-
Notifications
You must be signed in to change notification settings - Fork 205
Description
It would be good to have possibility to run ltx video in BF16 format with OpenVINO and optimum-intel. I tried to convert the ltx video model in bf16 format in several ways, but it looks like, that I didn't get fully correct results with both.
The first way. I have loaded Lightricks/LTX-Video and save it in torch.bfloat16 format. Then I have converted the model with OVLTXPipeline API:
from diffusers import LTXPipeline
from optimum.intel import OVLTXPipeline
pipeline = LTXPipeline.from_pretrained("Lightricks/LTX-Video", torch_dtype=torch.bfloat16)
pipeline.save_pretrained("./models/LTX-Video_hf_bf16/")
ov_model = OVLTXPipeline.from_pretrained("./models/LTX-Video_hf_fp16/", device="CPU")
ov_model.save_pretrained("./models/LTX-Video_ov_bf16/")
Transformer model of LTXPipeline diffusion_pytorch_model.safetensors has size ~3.7GB in bfloat16 type and ~7.5 GB in FP32 type. But .bin file of converted transformer model has weight ~7.5GB, it's like FP32 model. There is no mention of the BF16 format in XLM. It looks like optimum-intel incorrectly identifies the model type(probably here openvino/utils.py)
The scond way. I have tried to convert FP16 version of LTX-Video model. There are, for example, Lightricks/LTX-Video-0.9.7-dev , Lightricks/LTX-Video-0.9.8-13B-distilled, Lightricks/LTX-Video-0.9.5.
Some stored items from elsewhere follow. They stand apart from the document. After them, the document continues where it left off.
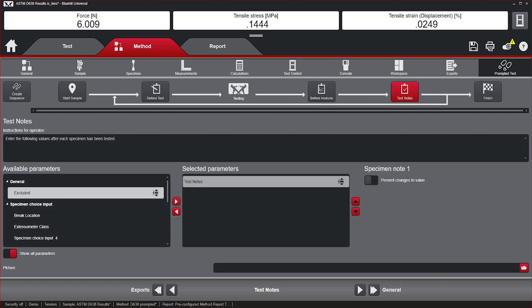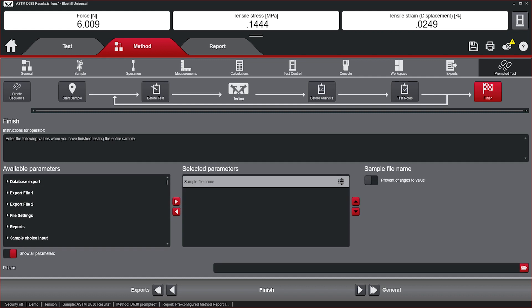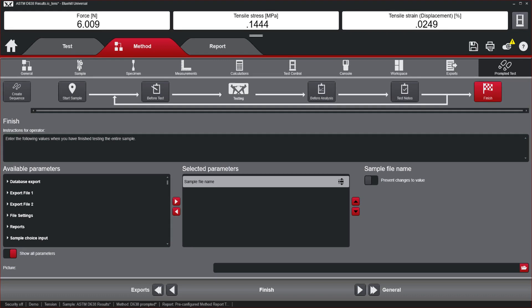Test Notes – is where the operator could add any additional notes about the test. The Finish prompt automatically appears when the required number of specimens are tested. It will prompt the user to add any additional information about the sample or alter export settings, such as folder location and file name.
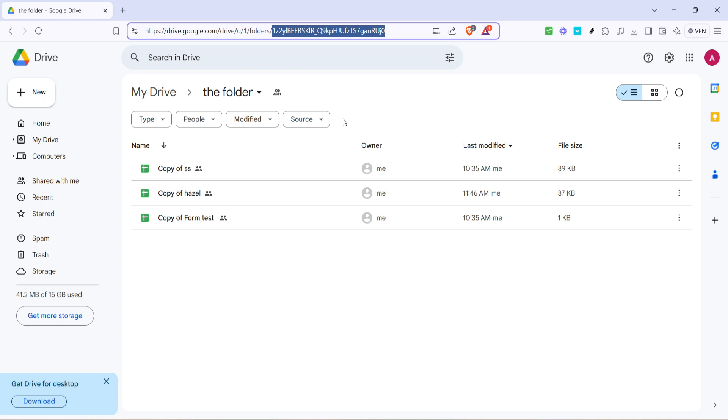Congratulations, you've now successfully located and identified the folder ID. This little piece of information can be very handy, especially if you're using applications or scripts that need direct folder access by referencing the folder ID. I hope this guide was helpful and easy to follow. Thanks for joining me today and happy organizing on Google Drive.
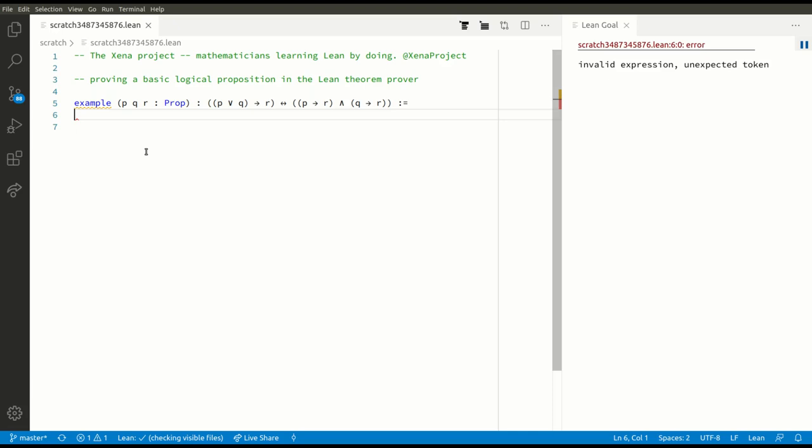Hi, this is Kevin Buzzard from the Xena Project. Today I'm going to show you how to prove this basic logical proposition in the Lean theorem prover. We have three true/false statements P, Q, and R, and our goal is to prove that P or Q implies R if and only if P implies R and Q implies R.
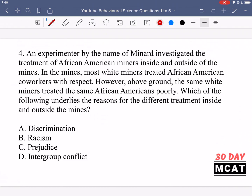In question 4, an experimenter named Menard investigated the treatment of African-American miners inside and outside the mines. Inside the mines, most white miners treated African-American co-workers with respect. However, above ground, the same white miners treated the same African-Americans poorly. Which underlying concept explains the different treatment inside and outside the mines? Let's eliminate some answers.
optimum-cli export openvino --model Lightricks/LTX-Video-0.9.7-dev --task text-to-video ./models/Lightricks/LTX-Video-0.9.7-dev
take error:
I got error in conversion:
Traceback (most recent call last):
File "./env/lib/python3.10/site-packages/openvino/frontend/pytorch/ts_decoder.py", line 72, in __init__
pt_module = self._get_scripted_model(
File "./env/lib/python3.10/site-packages/openvino/frontend/pytorch/ts_decoder.py", line 178, in _get_scripted_model
scripted = torch.jit.trace(
File "./env/lib/python3.10/site-packages/torch/jit/_trace.py", line 1002, in trace
traced_func = _trace_impl(
File "./env/lib/python3.10/site-packages/torch/jit/_trace.py", line 696, in _trace_impl
return trace_module(
File "./env/lib/python3.10/site-packages/torch/jit/_trace.py", line 1282, in trace_module
module._c._create_method_from_trace(
File "./env/lib/python3.10/site-packages/torch/nn/modules/module.py", line 1773, in _wrapped_call_impl
return self._call_impl(*args, **kwargs)
File "./env/lib/python3.10/site-packages/torch/nn/modules/module.py", line 1784, in _call_impl
return forward_call(*args, **kwargs)
File "./env/lib/python3.10/site-packages/torch/nn/modules/module.py", line 1763, in _slow_forward
result = self.forward(*input, **kwargs)
File "./env/lib/python3.10/site-packages/optimum/exporters/openvino/convert.py", line 398, in ts_patched_forward
outputs = patched_forward(**kwargs)
File "./env/lib/python3.10/site-packages/optimum/exporters/onnx/model_patcher.py", line 596, in patched_forward
outputs = self.orig_forward(*args, **kwargs)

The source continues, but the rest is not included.